This is a book of two halves, except that the halves are jumbled up and the reader has to dig around to decipher the half that appeals. It's a simple and rather plotless story of a mediocre man's life, from his early childhood as a serviceman's child, to the septuagenarian set against world history. The connections between the history and his individual events are drawn as symbolic or catalyst, the best example being the Cuban Missile Crisis serving as a warning that the teenager may die without any carnal knowledge.
It is this first sexual experience and its consequences that run through the book. A female piano teacher is physically, mentally and sexually abusive and the boy believes that this is a thing of love. It is a fantasy for him but I did wonder how different it would have been if the teacher were a man. As the years pass the police inform him that times have changed and a crime has been committed. The story opens with his memory of a piano lesson, the detail of the teacher's perfume, the pattern of the tiles in intense and intoxicating detail, before switching to the police asking him about his missing wife, many years later. She left him and their very young baby, so she could write novels in Germany.
There is a non-linear approach to his life and the world history, as if he looks back on it all. He is aimless and unambitious and the bigger events encourage him to react in some way, sometimes a tenuous link but as he feels powerless he attaches significance. Perhaps typical of his generation he “lolled on history’s aproned lap, nestling into a little fold of time, eating all the cream” he drifts from one thing to another, never finding a career or purpose. There are references to 'lessons' throughout but the best one is that the lessons learned are 'the years'. Or perhaps that a good story shouldn't spoiled by lessons learned.

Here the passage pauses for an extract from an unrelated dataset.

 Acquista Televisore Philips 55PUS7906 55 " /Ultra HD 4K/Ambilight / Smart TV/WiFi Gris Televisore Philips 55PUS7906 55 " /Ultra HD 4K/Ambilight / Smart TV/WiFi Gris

There is far too much exposition surrounding parts of his life, and the events are too often listed like a newspaper summary text, most of which fails to hold my attention. It took me a month to read this book and I read three other books between starting and finishing this one. At almost five hundred pages it can afford to lose a few.
However, the parts that are immediate are intense and all-consuming. McEwan knows the human condition and the English language and uses these skills to absorb the reader: this is the half I looked forward to reading. The women in the story are the characters who stand out, some very unlikeable but interesting nonetheless, who perhaps serve all of the lessons. The most important being one of the youngest.
A story about reflection and regret, and how much power an individual has. This is a complex and yet simple tale, relevant to us all.
Published by Random House UK, Vintage, Jonathan Cape on 13 September 2022.
Advanced review copy supplied by the publisher.